Se puede administrar desde un partido, pero no se puede reconstruir una economía desastrada sin una convergencia de todos los sectores nacionales. Cuando Stalin, uno de los más grandes estrategas del siglo, tuvo que enfrentar a la Alemania nazi que acosaba ya Moscú y Leningrado, no vaciló en convocar a la Iglesia Ortodoxa Rusa, devolviéndole sus honores y su lugar nacional, pese a haber sido un iracundo iconoclasta que había prohibido la religión por decreto.
¿Quién puede hoy pasarle cuentas ideológicas a Carlos Menem? ¿Algunos sindicalistas equivocados cuya mayor aventura revolucionaria en treinta años es haber decretado el trabajo a desgano en las oficinas de correo; o esos izquierdistas de papel cuya virulencia cesa con un premio literario o con un puesto en algún diario pagado con fondos oficialistas?
El presidente Menem le sale con valentía al toro. Estamos en los primeros instantes de la hora de la verdad. Sostiene la espada con su puño, pero la fuerza y la decisión dé su brazo tiene que ser la de todos nosotros. No basta el consenso. Se requiere un consenso funcionante y participativo.
Tenemos que comprender que no estamos peleando por el estilo que tendrá la casa. Por si será un chalet californiano o una residencia colonial.

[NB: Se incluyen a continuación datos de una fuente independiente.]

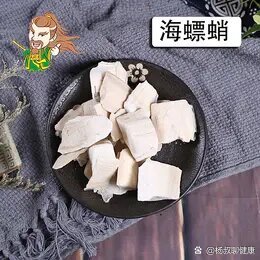 海螵蛸性味归经图片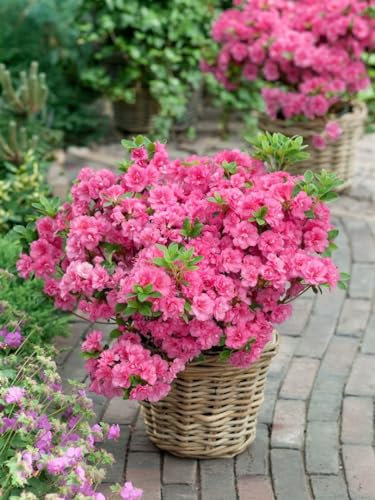 Rhododendron obtusum 'Anouk' 25-30 cm – Winterhart, Immergrün, Mehrjährig – Japanische Azalee – Zierstrauch für Beet & Kübel
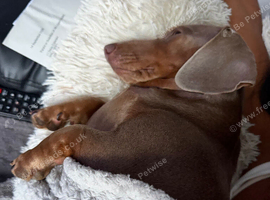 Miniature Dachshunds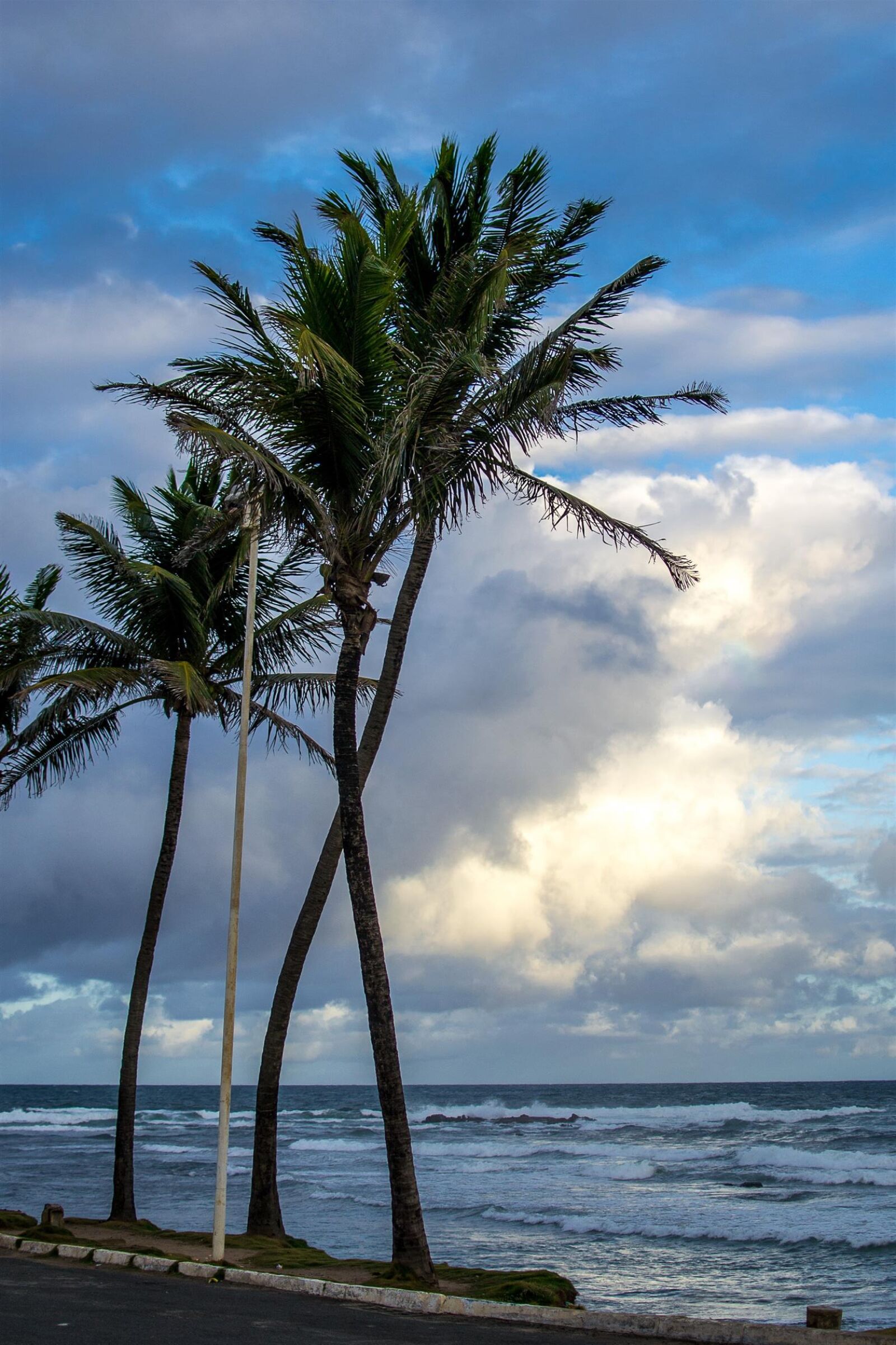 Nikon D3100 sample photo. 35mm, coqueiro, palmtree photography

Estamos luchando por reconstruir los cimientos, la base de cualquier posible edificación.
Si algo nos une a todos los de nuestra generación es la frustración ‑casi la inconfesada vergüenza- de no saber poner en marcha nuestro país. Recuerdo mi amargura cuando un diplomático italiano amigo, admirado del potencial de Argentina y de nuestra ineptitud para administrarla, me dijo: «Tu país sería como una Lamborghini de doce cilindros que el tonto del pueblo se ganó en una rifa.»
Estamos ante una buena oportunidad de salir del bostezo de la queja y de la sórdida contabilidad de las pizarras de cotizaciones. No la perdamos.